Selia Draven broke from her group, striding toward Avian with obvious intent. Her scarred knuckles flexed, mouth opening to speak—
Father entered without ceremony, shadows clinging to him like old friends. Whatever Selia had planned to say died on her lips as all eight candidates turned to face their patriarch.
His scarred face swept the assembled candidates, lingering on the tension between them.
"Eight remain from sixty." His voice filled the space without effort. "You've proven your worth through trials of acquisition and combat. But leadership requires more than greed or violence."
He gestured, and servants brought forward a table covered in black cloth. When they pulled it away, eight sealed scrolls lay revealed, each bound with silver thread that seemed to twist against observation.
"The final trial is simple in concept, complex in execution." Father's smile promised nothing good. "Each scroll contains a task. Complete it within one week, and you may compete for the position of heir. Fail..."
He didn't need to finish. Failure in House Veritas had only one outcome worth mentioning.
"The tasks are tailored to each of you. Some are individual challenges. Others..." His eyes moved between Thane and Avian. "Require cooperation. They will test not just your strength or cunning, but your ability to make the hard choices leadership demands."
The scrolls began to glow with different colors — each one pulsing with a unique rhythm. But as they lifted from the table, something unexpected happened. Two scrolls — one wrapped in shadow, one humming with wrongness — began to orbit each other, drawn together like binary stars.
"Ah," Father's voice held dark amusement. "It seems the trial has made its own determination. Some tasks are meant to be shared."
The entwined scrolls drifted toward Thane and Avian, forcing them to reach for them simultaneously. The moment their fingers touched the silver thread, Thane felt a shock of connection — not just to the scroll, but to Avian. For an instant, he sensed the vast depth beneath his brother's surface, and Whisper recoiled in his shadow.
The other scrolls found their recipients — Selia's burning with fury, Marcus's heavy as stone, Clarissa's crystalline and complex. Each candidate received their fate alone.
Except for them.
"You have one hour to read your tasks in private," Father announced. "Or in the case of our brothers, in each other's company.
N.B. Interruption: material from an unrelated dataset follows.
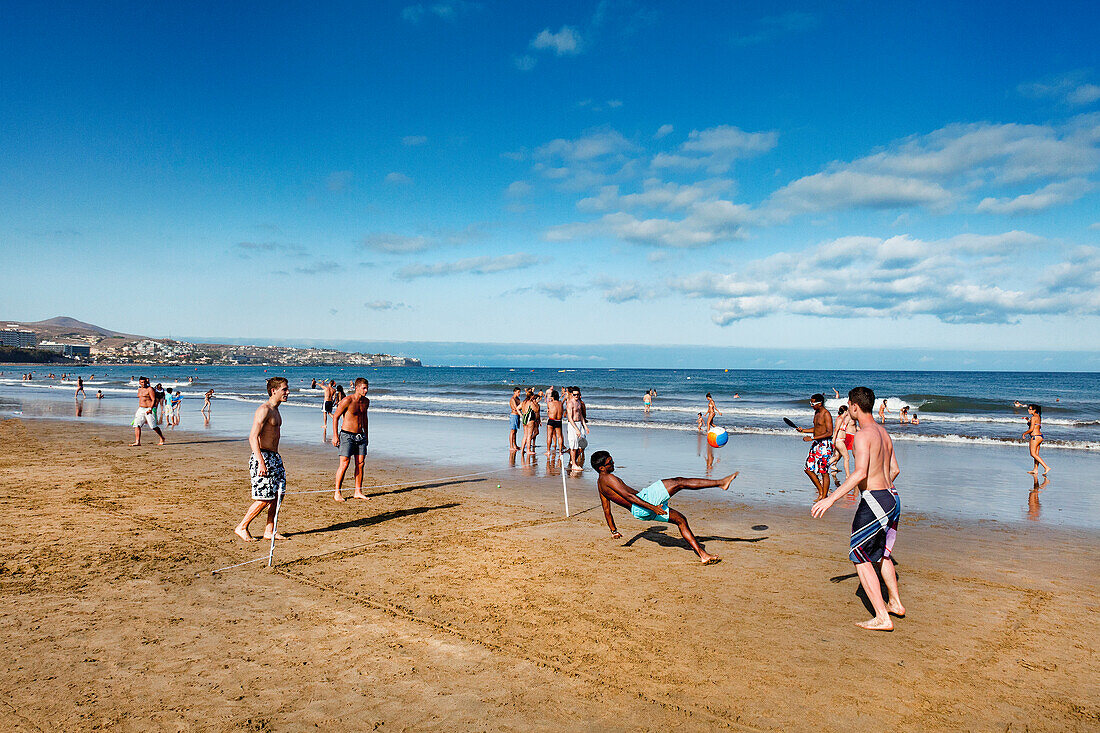 Playing football on the beach, Playa del Ingles, Gran Canaria, Canary Islands, Spain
The trial begins thereafter. May you all discover what strength truly means."
Back in Thane's chambers, the two brothers faced each other across his desk. The joined scrolls lay between them, still pulsing with that strange synchronicity.
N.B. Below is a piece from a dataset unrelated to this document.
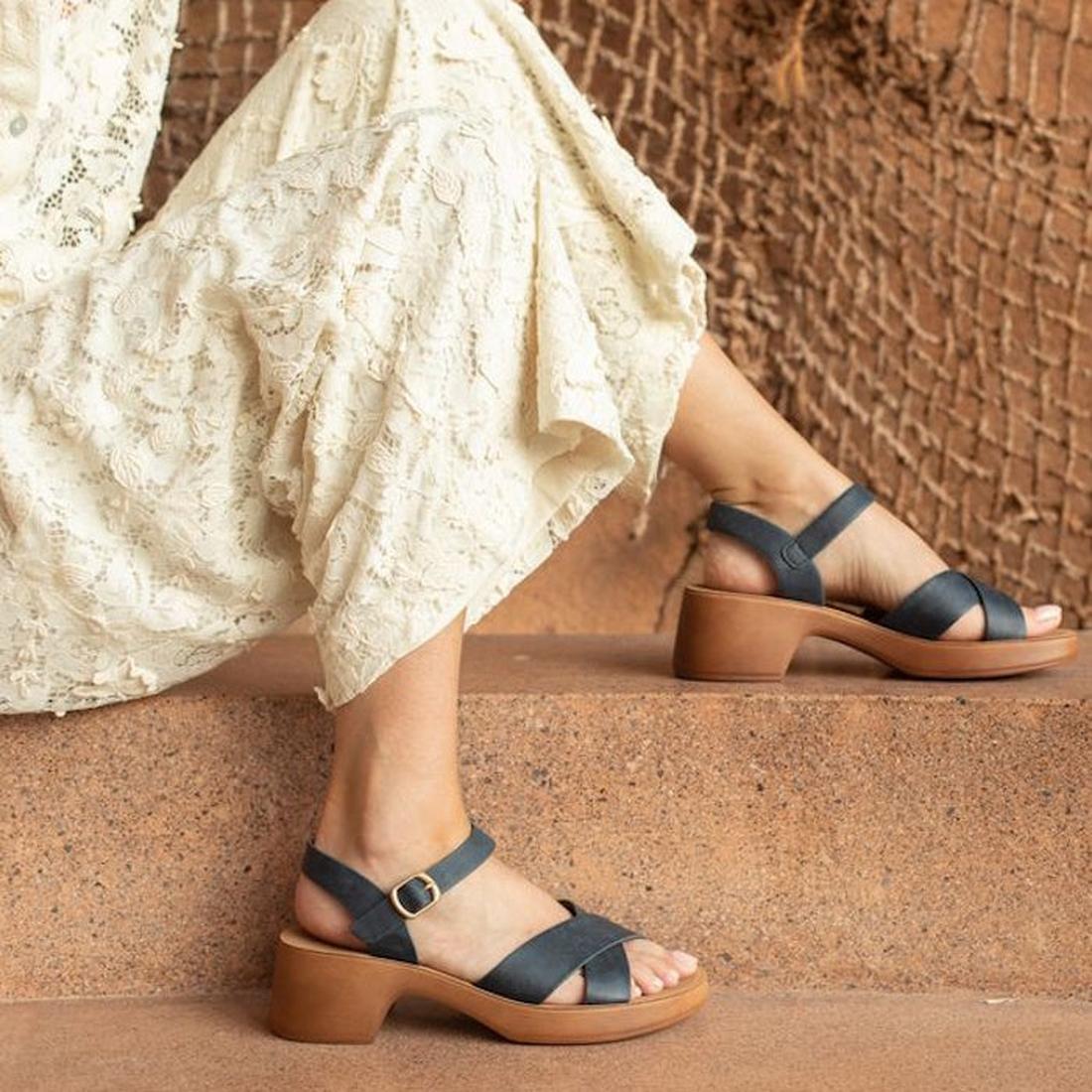 A person in a cream lace dress sits on a stone ledge, showcasing the Los Cabos Alegra Navy Wedge Platform Backstrap Sandal. A rustic net and textured brown wall provide a serene backdrop for the navy sandals with tan soles., 9321191292311, 9321191292328,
"This should be interesting," Avian said, settling into a chair with casual grace.
"Father's games grow more complex." Thane kept his voice neutral, though Whisper writhed with discomfort at being so close to whatever Avian truly was.
"Shall we?"
They broke the seals simultaneously. The parchment unrolled, revealing words that seemed to shift between their perspectives:
Your task is threefold: First, you will journey together to the Sunken City of Malethar, where the Empire's darkest secrets lie drowned. Second, you will retrieve the Covenant Seal hidden in its depths — but only one may claim it. Third, you will both return alive, having learned the price of trust between those who share blood but not truth.
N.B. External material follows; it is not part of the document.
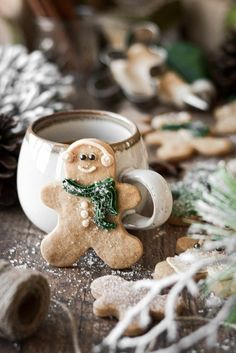 a gingerbread man in a green scarf is next to a cup of coffee and pine cones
Success requires both to survive. Victory belongs to who claims the Seal. Wisdom lies in understanding why this task demands two.
Remember: Sometimes the greatest enemy is the one beside you. Sometimes the greatest ally is the one you fear most.
The parchment crumbled to ash. Thane stared at the residue, mind racing. The Sunken City — he'd heard whispers. A place where the Empire had tested terrible weapons during the Demon War. Where experiments had gone wrong and entire districts had been pulled into the earth.
"Father suspects something," Thane said carefully. "This task..."
"Is designed to force us together." Avian's eyes held ancient amusement. "To make us rely on each other despite... tensions."
He wants to see if you'll reveal me, Thane thought. Or if I'll try to force Avian to reveal himself.
"The Covenant Seal," Thane said aloud. "Do you know what it is?"
"Something worth sending two sons into a death trap to retrieve." Avian stood. "We'll need supplies. Information. The Sunken City doesn't suffer visitors kindly."
"We have a week."
"Less. Three days to get there, three to return. One day in the city itself, if we're lucky." Avian moved to the door, then paused. "Brother? Whatever you think you know about me, whatever plans you're making... perhaps save them until after we survive. Dead heirs inherit nothing."
After he left, Whisper emerged slightly from Thane's shadow.
This complicates things.
"Or simplifies them." Thane began pulling books on the Sunken City. "In a place that dangerous, accidents happen. Powers slip. Masks fall. If I can force him to reveal his true strength..."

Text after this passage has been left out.